To be sure, clothes do more than that. I would not venture out naked in Nome in November, and that has as much to do with common sense as it does with modesty. Swimming trunks would serve for modesty, but I would be wearing my heaviest parka and mukluks, clothing as protection from the elements. Or sometimes clothes are protection from other dangers, like a bulletproof vest or a beekeeper’s hood or a construction worker’s hardhat.

“Hardhat” is an example—at least in my mind—of an article of clothing or gear which bridged the gap between simple protection and political statement. Back in the 60’s, when the Vietnam issue had the country divided so, college peaceniks and blue collar workers were especially bitterly opposed—spoiled punks versus patriots who worked for a living (and were more likely to be drafted), in Joe Sixpack’s view. I remember passing a construction site and seeing the customary sign “Only Hardhats Allowed” and actually thinking that it was a thumb in the eye of us spoiled punks (“Stay the hell out if you know what’s good for you!”). Ever since then, at least for me, “hardhat” has been shorthand for a sociopolitical stance.

If practical clothing tries (but fails) to be mute, other outfits shout loud. Lawyer friends tell me that, more and more, in the privacy of their offices it is always “casual Friday”: polo shirts, jeans, running shoes, whatever. But when those lawyers are due in court, out come the wingtips and the power suits, and (see above) one could argue that that outfit, also, is protective gear. After all, they have professional image and reputation to protect. And they are about to stand in front of a judge whose somber judicial robes will trump whatever Brooks Brothers can offer.

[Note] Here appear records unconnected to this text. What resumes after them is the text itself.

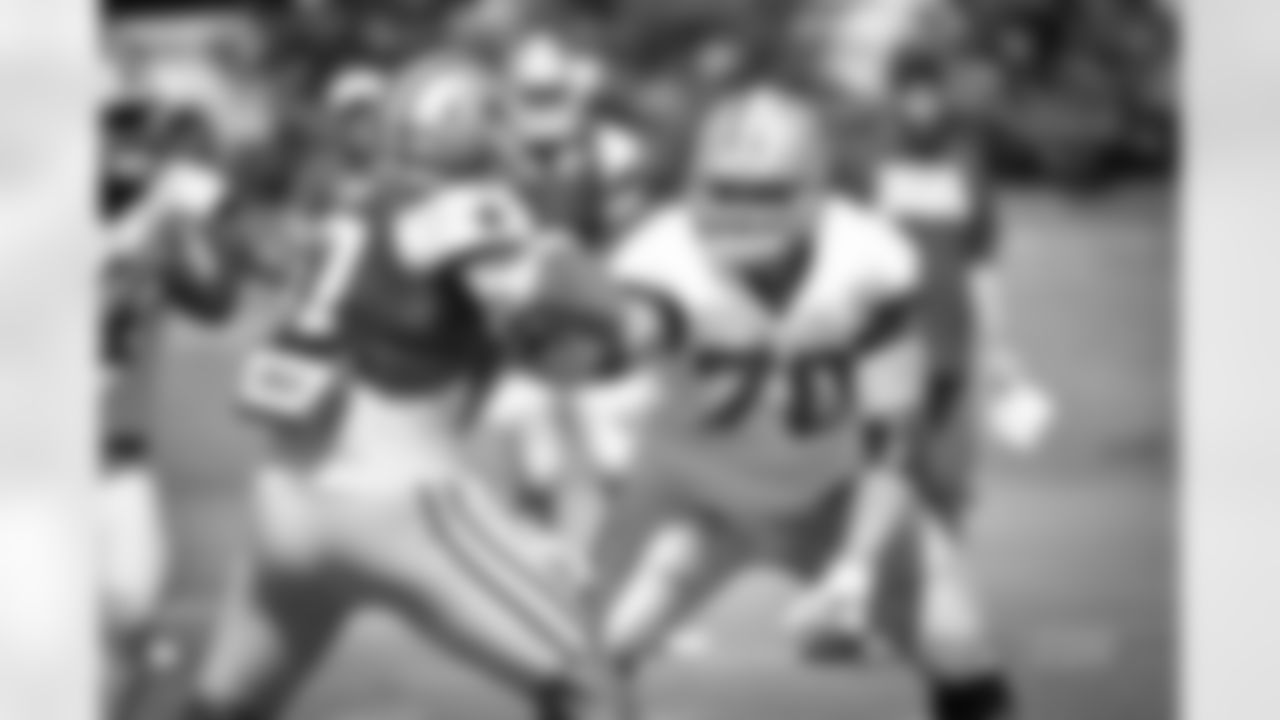 20160921_practice_zack_martin_selects_jj0230.jpg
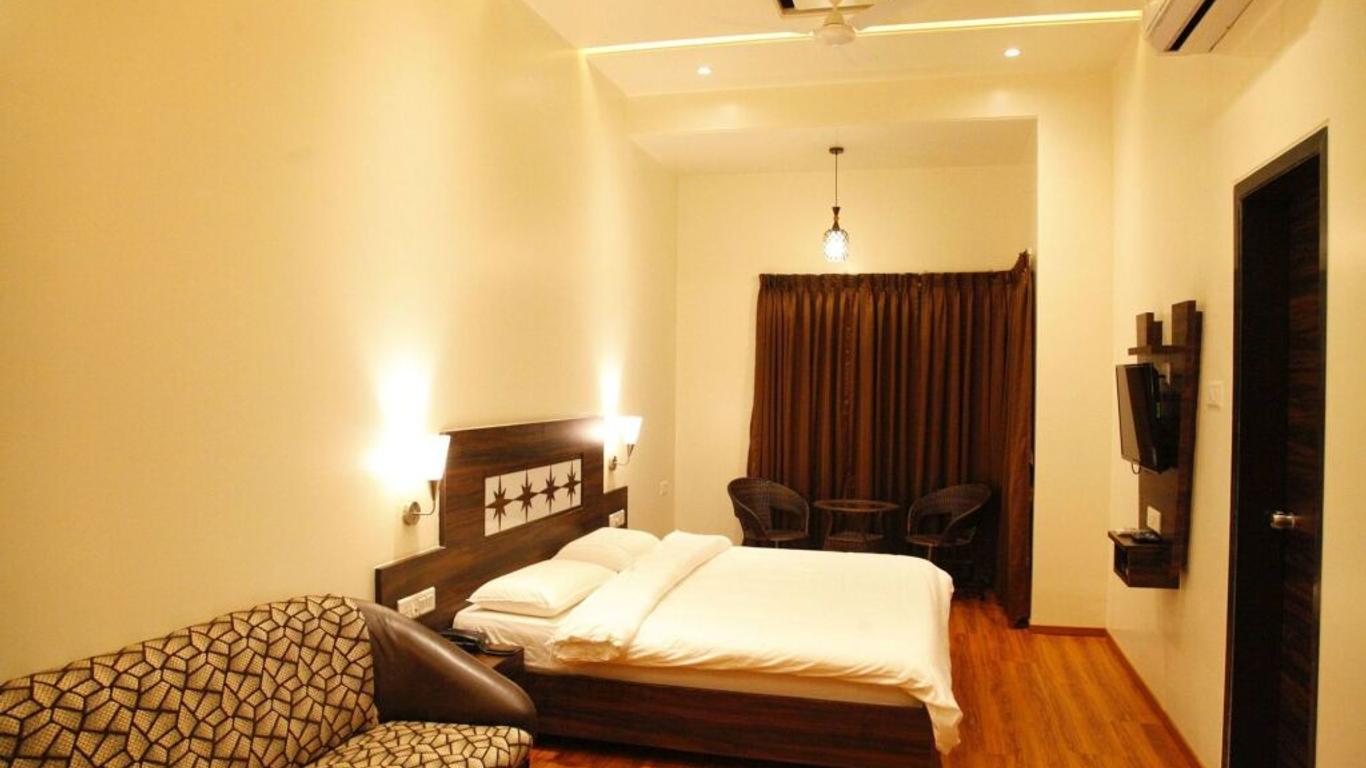 Popular Hotel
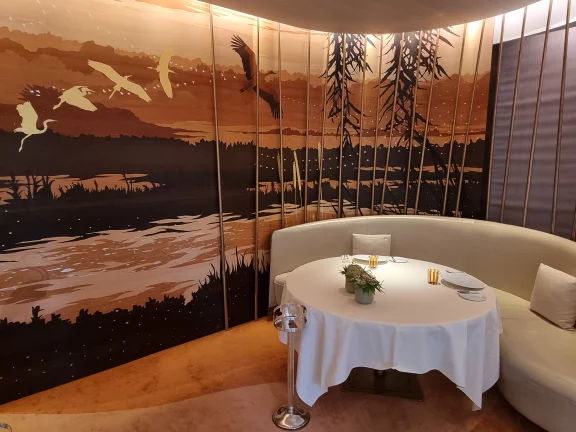 Dans une des salles du restaurant, une marqueterie murale de près de 8 mètres de long.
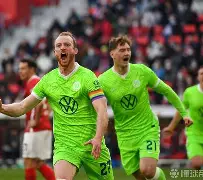 狼堡冠绝足球联赛，德囯荣誉铭加戈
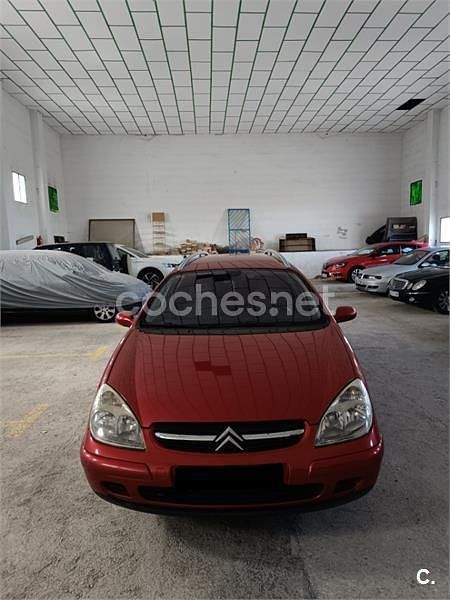 Usado Citroën C5 110 CV (80 kW) 2004 Rojo Familiar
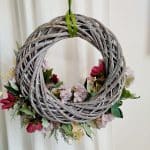 Wianek na drzwi ze sztucznych kwiatów burgundowy 50cm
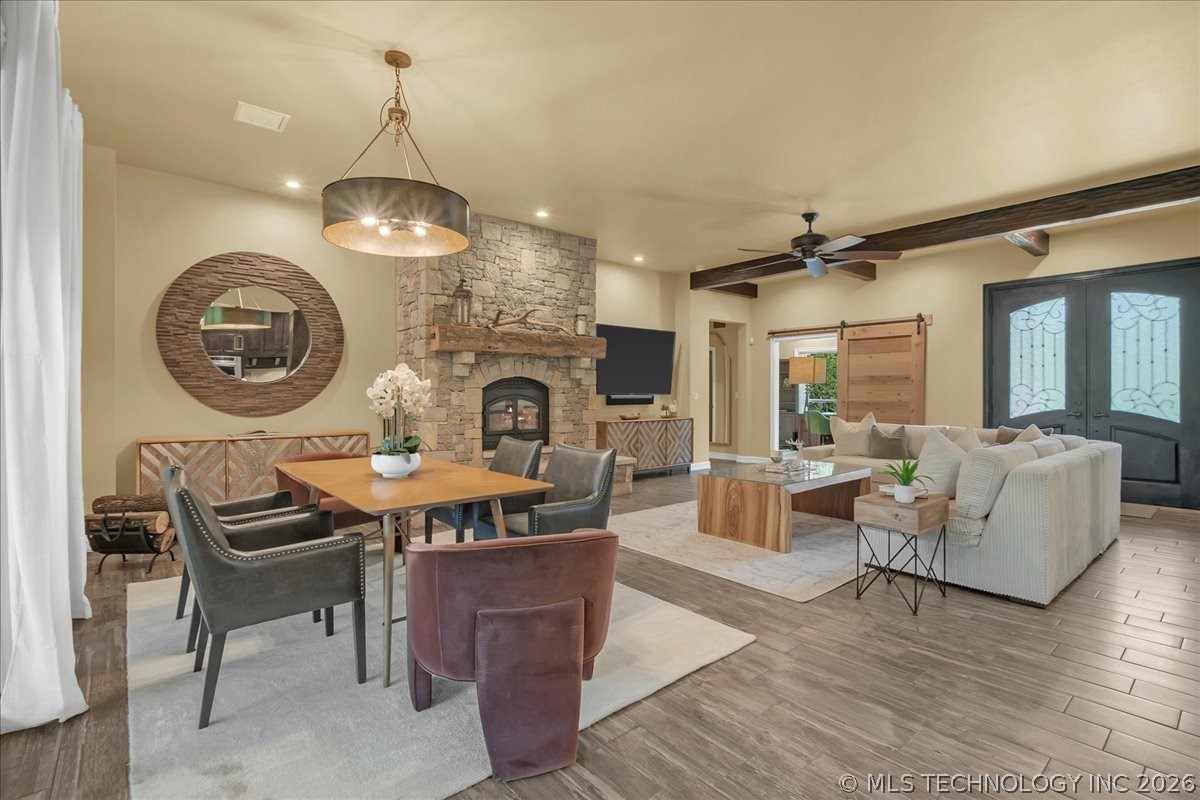 12636 S 13th Place Property Photo 5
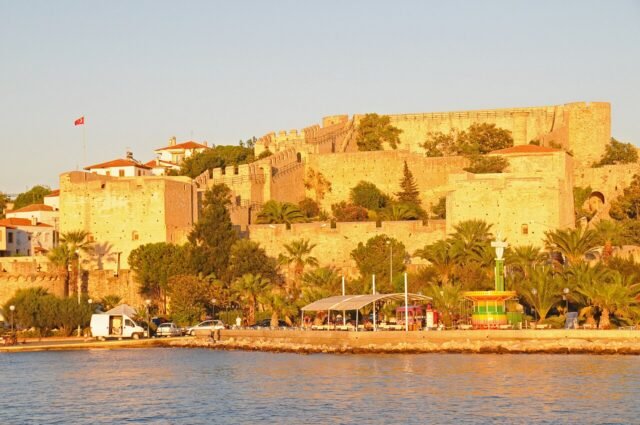 e-me-castle-turkey-16477 Çeşme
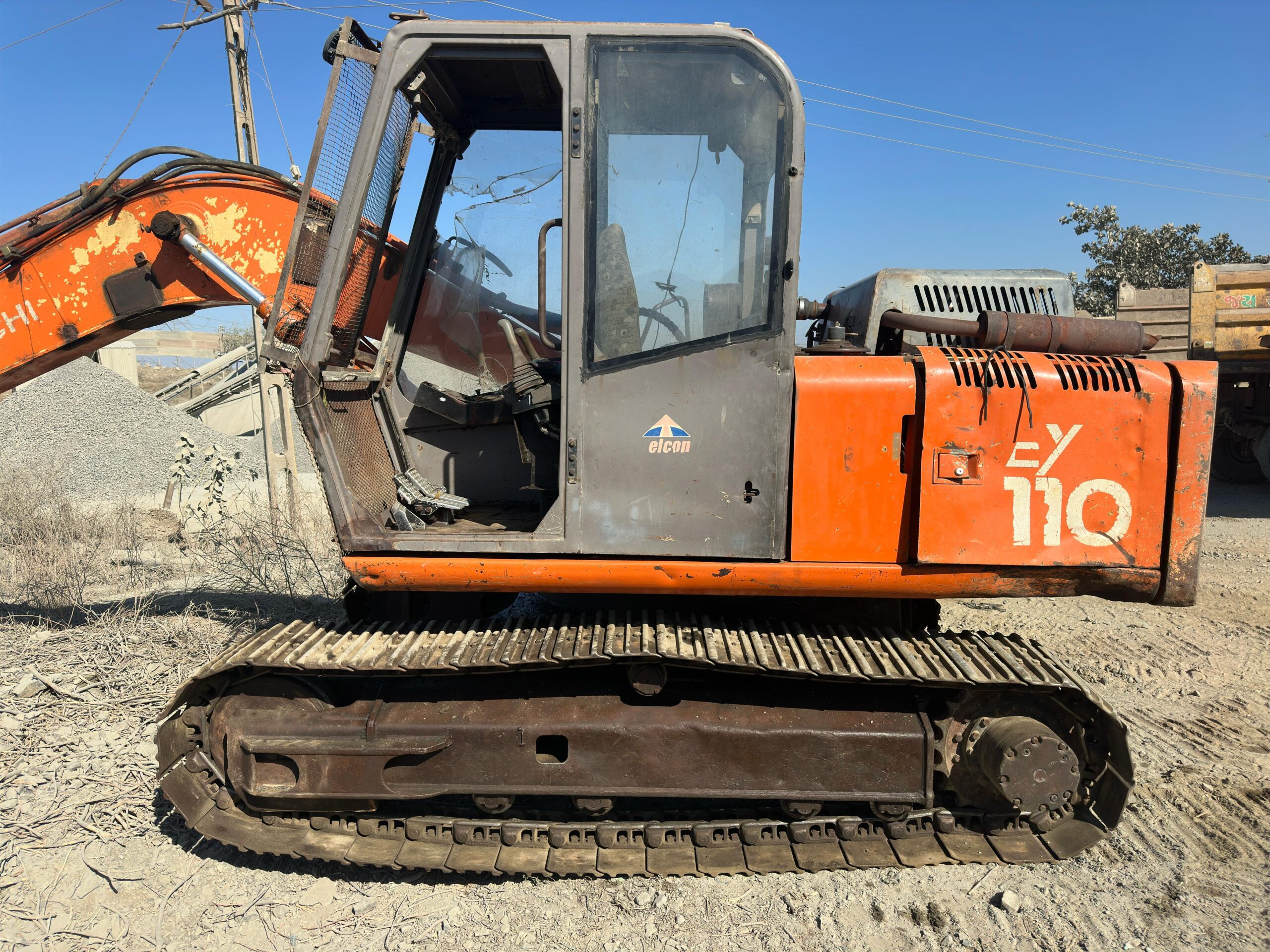 TATA HITACHI EXCAVATOR EX 110 2010
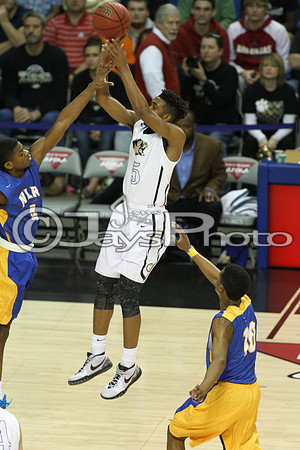 Bentonville vs. North Little Rock 7A State Finals 3-14-2015 (©Justin Manning) JWM_065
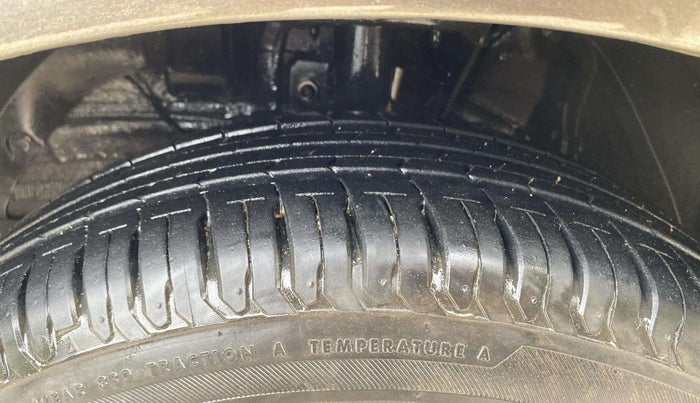 2019 Maruti Baleno DELTA PETROL 1.2, Petrol, Manual, 75,962 km, Left Front Tyre Tread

Speaking of which, we academics have our special power outfit, of course, the academic gown, that remnant of the Middle Ages complete with resplendent hood. We usually wear it only once a year, at Commencement, but what a flock of peacocks (even the peahens are peacocks on that day) we make! And, human nature being what it is, the outfit is not complete without an attitude of casual boredom to accompany it (“It’s a pain to wear this get-up, but one has one’s obligations, you know.”). There was a professor at my undergraduate school who did wear the gown every day (sans hood, thank goodness). He turned the highly symbolic—there’s the word that has been lurking around the edges of this discussion—into the highly practical. Not only did he never have to worry about what to wear, but we always suspected that in the sweltering days of May and September he was nekkid as a jaybird underneath, a trick your parish priest can pull off, too, should he choose to wear his cassock.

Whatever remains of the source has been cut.